I wasn't surprised at the inquiry based learning and student exploration, since this was common in my college science classes. I was really surprised that discussion-based learning could exist in a math class. We didn't have such discussion in my own high school math classes. I had the same teacher for both Geometry and Algebra II, and although we did do some exploration on our own, our teacher did most, if not all, of the demos that would show us concepts. For example, when we were learning about conic sections, we first read the definition of a parabola and an ellipse. Just reading the definition of a parabola, with strange words like "focus" and "directrix", was enough to bore most students to tears, but the activity using wax paper, where we drew a point and a line, then repeatedly folded the paper so that the line and point intersected. Multiple folds resulted in a parabola appearing in the wax paper.

Unfortunately student explorations like the parabola in wax paper were few and far between. Often times we would break up into small groups and work on problems, so seeing this geometry class where students came up with the theorems themselves was a very different approach and needed few materials aside from a ruler and a worksheet.

For classrooms that have more access to technology, three of my classmates designed a math lesson using GeoGebra, an interactive drawing program that allows students to draw and manipulate graphs, figures, and angles. The lesson was about drawing lines when given points, then drawing lines with given equations using GeoGebra. The purpose was for students to see the connections between equation and the drawing of the line on the coordinate plane.
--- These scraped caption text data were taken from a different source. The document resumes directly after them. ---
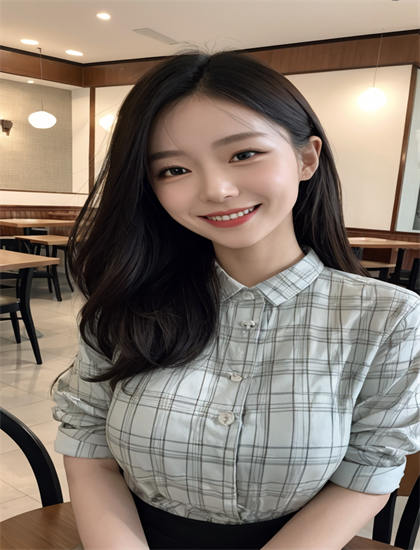 美女网站视频_四房播播播_碧血剑在线观看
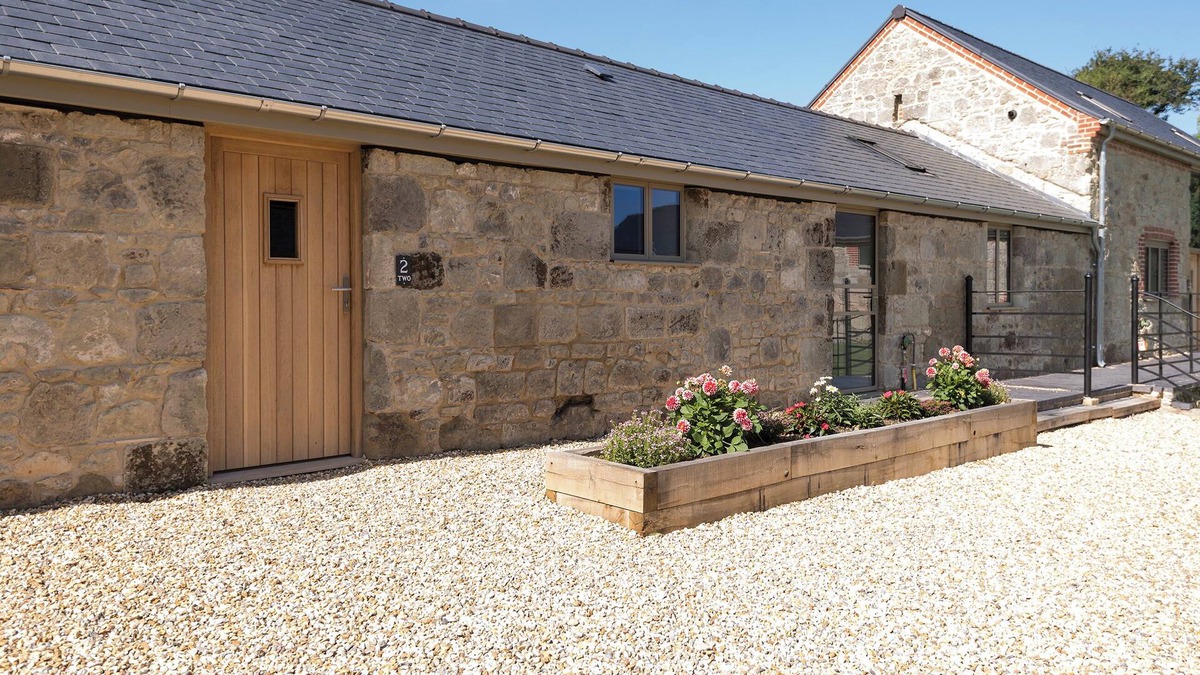 Ventnor Cottage | 3 bedroom accommodation in Ventnor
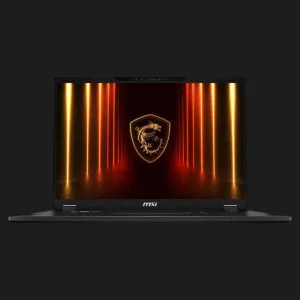 Ноутбук MSI Stealth 18 HX AI A2XWIG 18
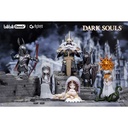 (PO) Dark Souls Deformed Figure Vol. 2 [BOX]
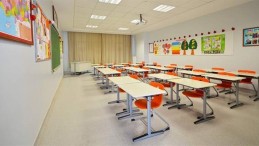 Özel okul ücretleri için beklenen açıklama geldi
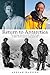 Return to Antarctica: The Amazing Adventure of Sir Charles Wright on Robert Scott's Journey to the South Pole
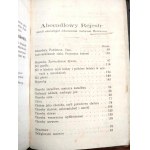 Morisoniana czyli poradnik zachowania zdrowia 1863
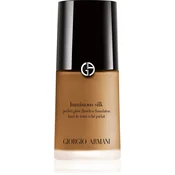 Armani Luminous Silk illuminating foundation color 11 30 ml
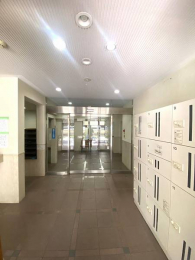 �@��z�{�b�N�X�����ŁA�s�ݎ��̉ו��󂯎����X���[�Y�B�Z�������X�̐������T�|�[�g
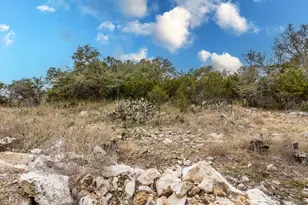 2718 Leslie Ln, San Marcos, TX 78666 - Photo 25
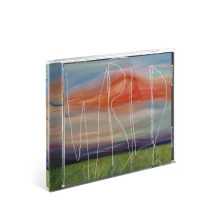 CD Wrld (Version 2)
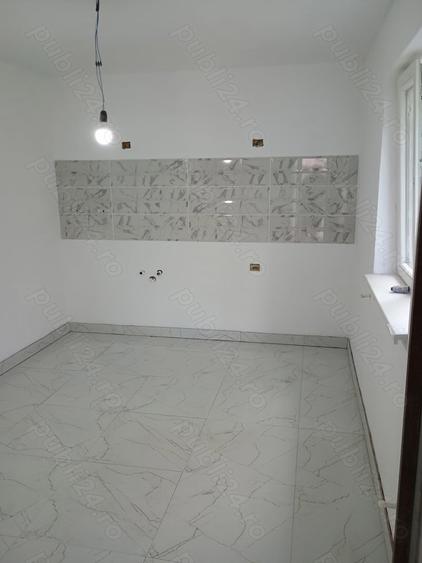 casa in Botosani - 2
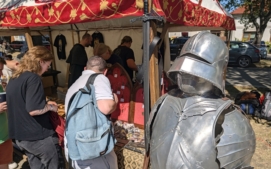 kingdom-come-fanfest-malesov-2026-31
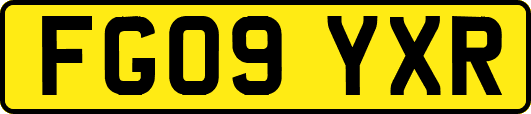 FG09YXR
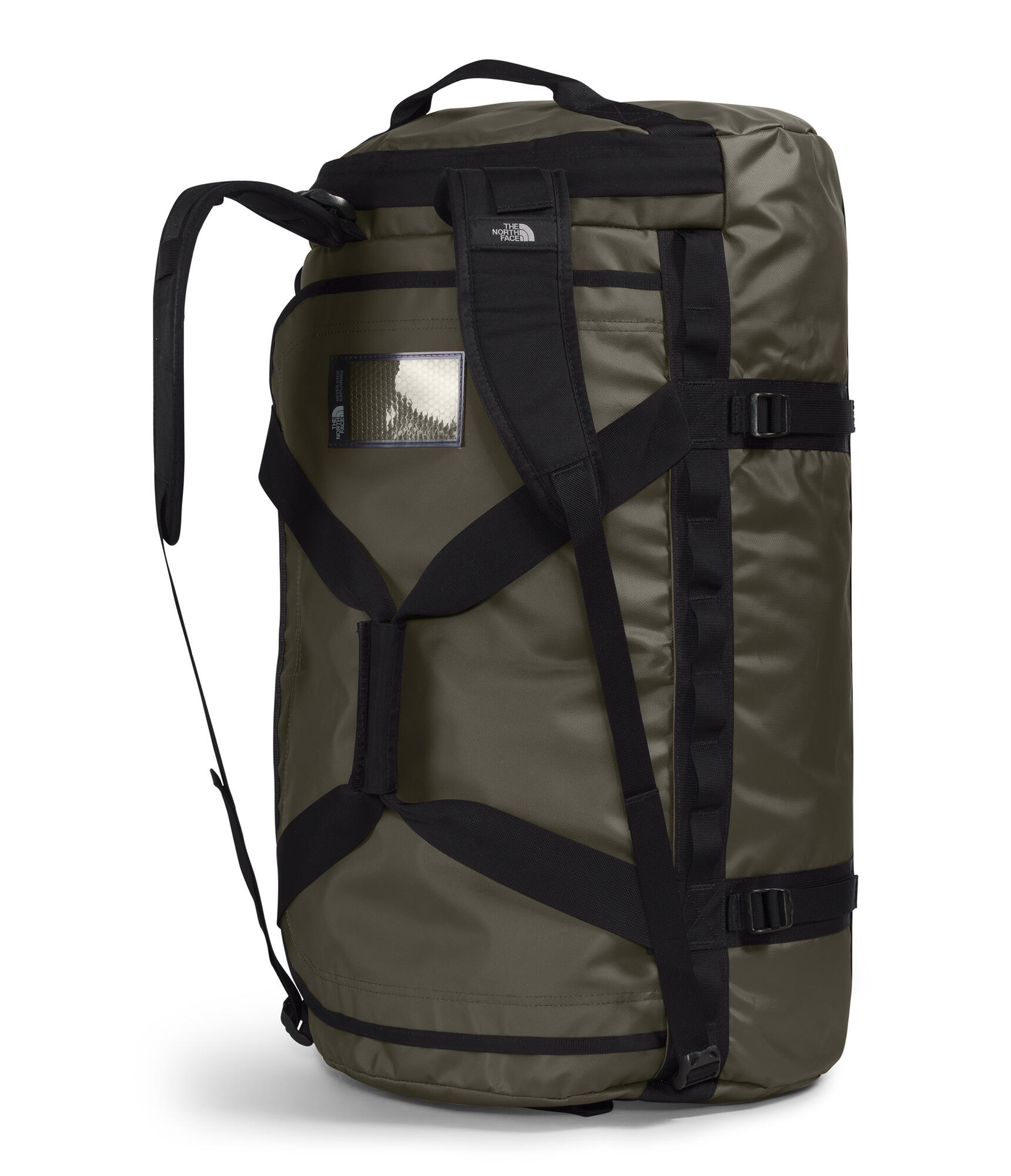 The North Face Duffles The North Face Base Camp Duffel—L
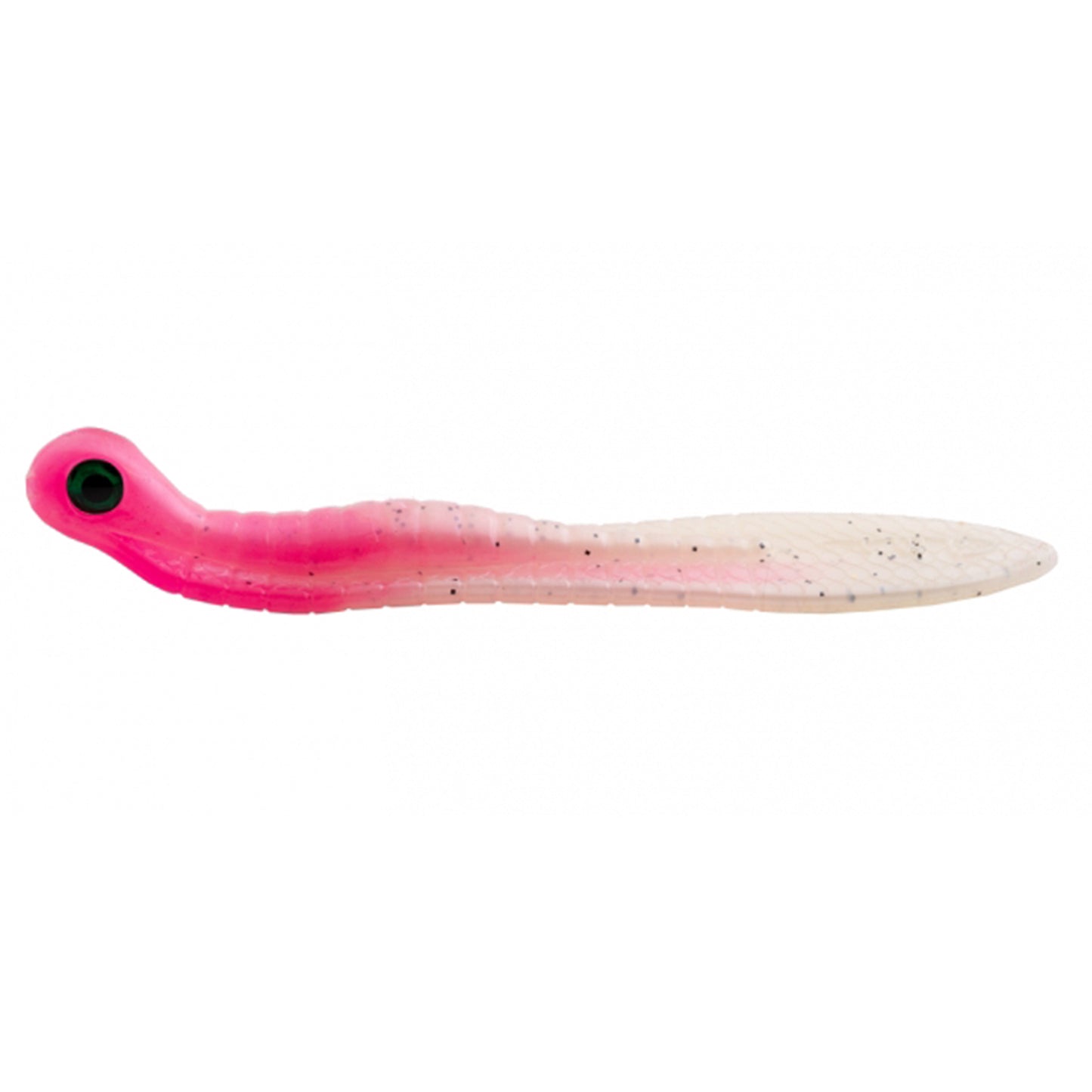 Mr. Leech Twitch 14,5 cm; 13,1 gr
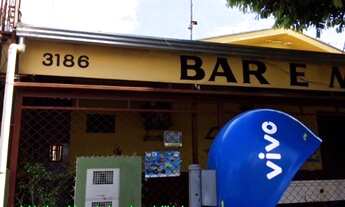 Imagem 3: SÃO JOSÉ DO RIO PRETO - Casa Padrão - JARDIM LOS ANGELES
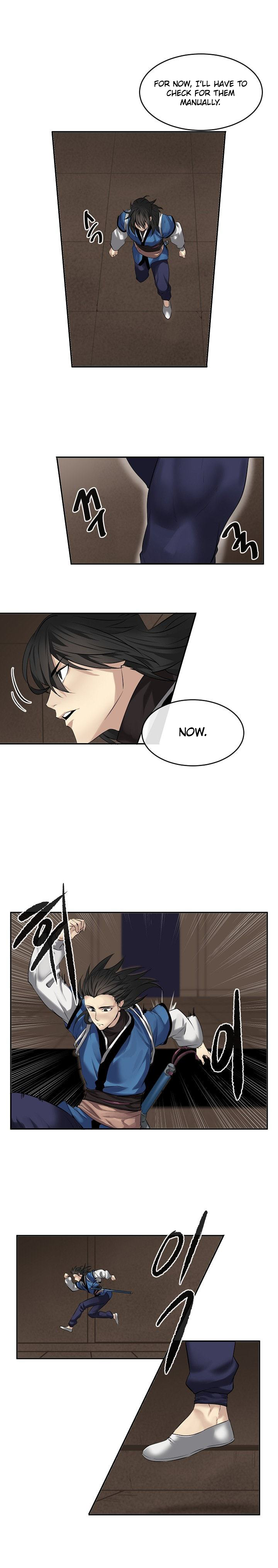 Page 5 of Chapter 55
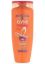 Picture of ELVIVE SHAMPOO DREAM LONG 400 ML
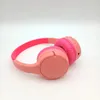 Belkin SoundForm Mini, Kabellos, Anrufe/Musik, Kopfhörer, Produktbild-Vorschau 8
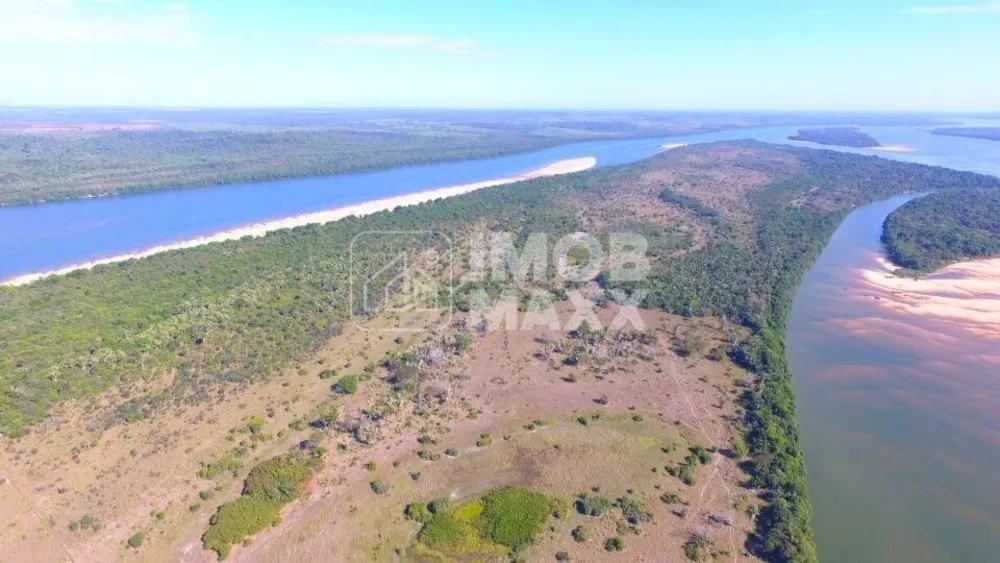 Fazenda, 5000 m² - Foto 12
Since GeoGebra shows equations, it was also important for students to calculate the equation of the line on their own before checking with GeoGebra, providing them with a way to check their work and discuss the meaning of vocabulary words like "slope" and "intercept".

I'm really enjoying the interactive way of teaching math, and I've never thought of math as being very interactive before. When I was volunteering at summer school in Algebra I, the teacher used GeoGebra to graph parabolas, showing the equation along with the graph. He could drag the parabola to make it wider, narrower, or upside down, and the equation would change along with it. Students were much more engaged, and better understood the relationship between the graph shape and the effect of changing the x^2 coefficient in the equation. This also meant that students decreased rote learning and had higher retention, while teachers found it easier to scaffold future information.

Looking back, I wish I had a more interactive math experience. I loved my math classes in high school and college, but I never thought about math as being inquiry-based until now. I will also admit that I didn't see the connection between the x^2 coefficient and the parabola shape until well after I finished Algebra I.

1 comment:

Unknown said...

Melissa,

I had similar experiences with Math in high school, no discussion, very little interactive opportunities. However, I can recall my 6th grade geometry teacher more clearly than I can my math through high school. In this class we designed our own putt-putt course, nine holes, of our own theme. We had to draw them out and draw a "hole in one shot" for each one, but we had to include so many angles in a varying specific degrees. I can even recall others' courses, but couldn't even conjure up one project I did in any of my other math classes. How did the teacher support discussion in the classroom? Do you think this is the norm in that classroom?